New federal rules will more easily allow healthy breeding cattle to enter Canada from the U. S. if one or some of their herdmates test positive for anaplasmosis.
The Canadian Food Inspection Agency has revised its import rules to bring the handling of “non-negative” U. S. animals more in line with the regulations that govern domestic Canadian cattle.
Currently, breeding cattle imported into Canada must have a negative test for anaplasmosis performed within 30 days of import. The test for anaplasmosis must be by cELISA methodology and conducted in a U. S. Department of Agriculture (or USDA-approved) laboratory.
The result of anaplasmosis testing must be shown on the required health certificate for the animal to be imported, CFIA said.
Under the revised rules, however, if a cELISA test finds an animal carrying anaplasmosis, a polymerase chain reaction (PCR) test is then required.
If the PCR test results turns up negative on a cELISApositive animal, all other animals that make up the export group may proceed for export.
But if the PCR test on an cELISA-positive animal has positive results, the animal will need to be removed from the export group and the remaining animals will need to be isolated and retested at least 35 days after the PCRpositive animal was removed from the group.
If all animals still in the group remain cELISA negative after the 35-day isolation period, they may be exported, CFIA said.
SPREAD BY TICKS
The rules note that breeding cattle destined for import to Canada must be free of ticks and must have been treated with an appropriate acaracide within 30 days of import.
Anaplasmosis, a common ailment in cattle in tropical and subtropical regions of most of the world, is often spread by ticks that bite infected cattle.
The disease can be found in cattle, sheep, goats and deer but only causes clinical signs in cattle and giraffes, CFIA said.
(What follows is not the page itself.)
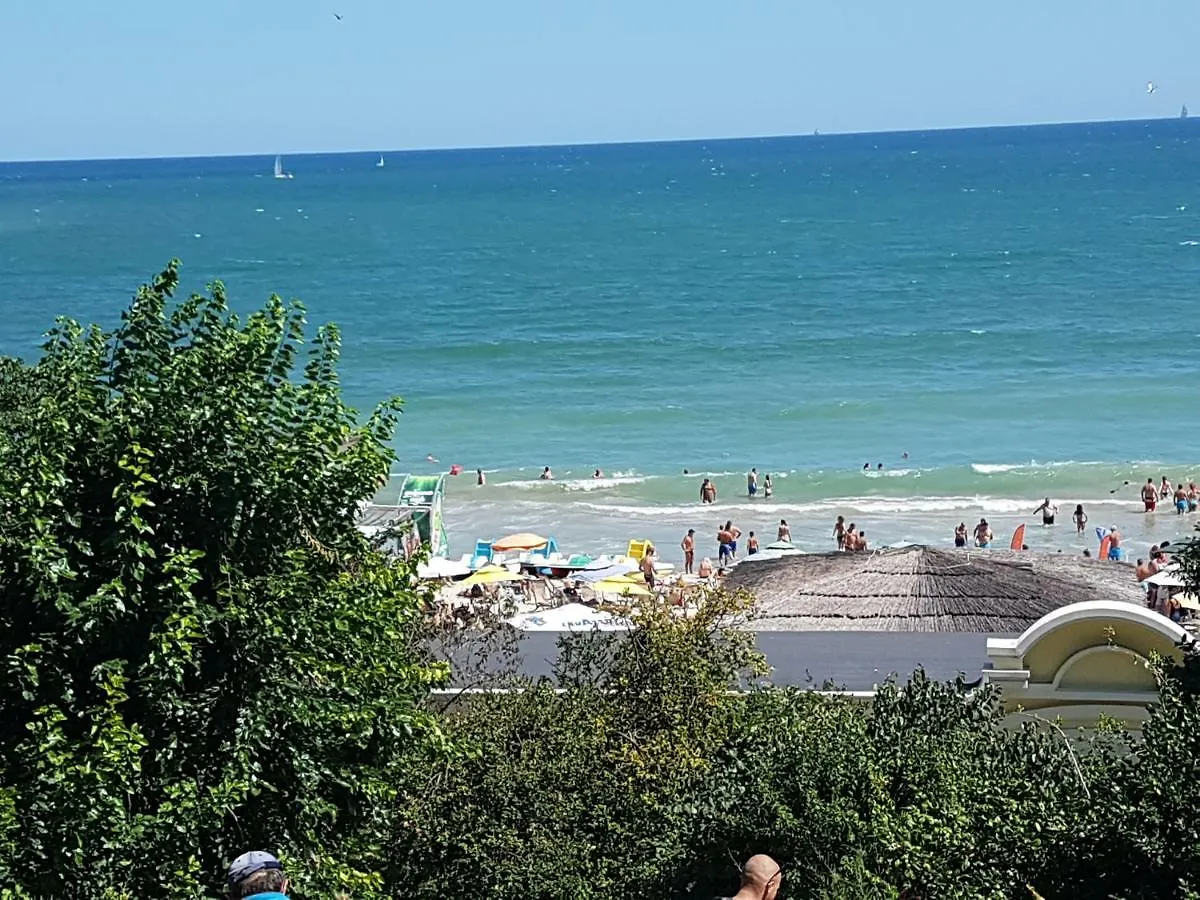 Mommy'S House Apartment Varna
Those signs in cattle include fever, anemia, weakness and respiratory distress, plus a rapid decline in milk production.
On a related note, CFIA also recently revised its rules for imports of domestic sheep and goats from the U. S.
Where previously an importer had no more than seven days to inform the appropriate CFIA district office of the import of feeder animals, the agency has now cut that requirement to no more than 48 hours.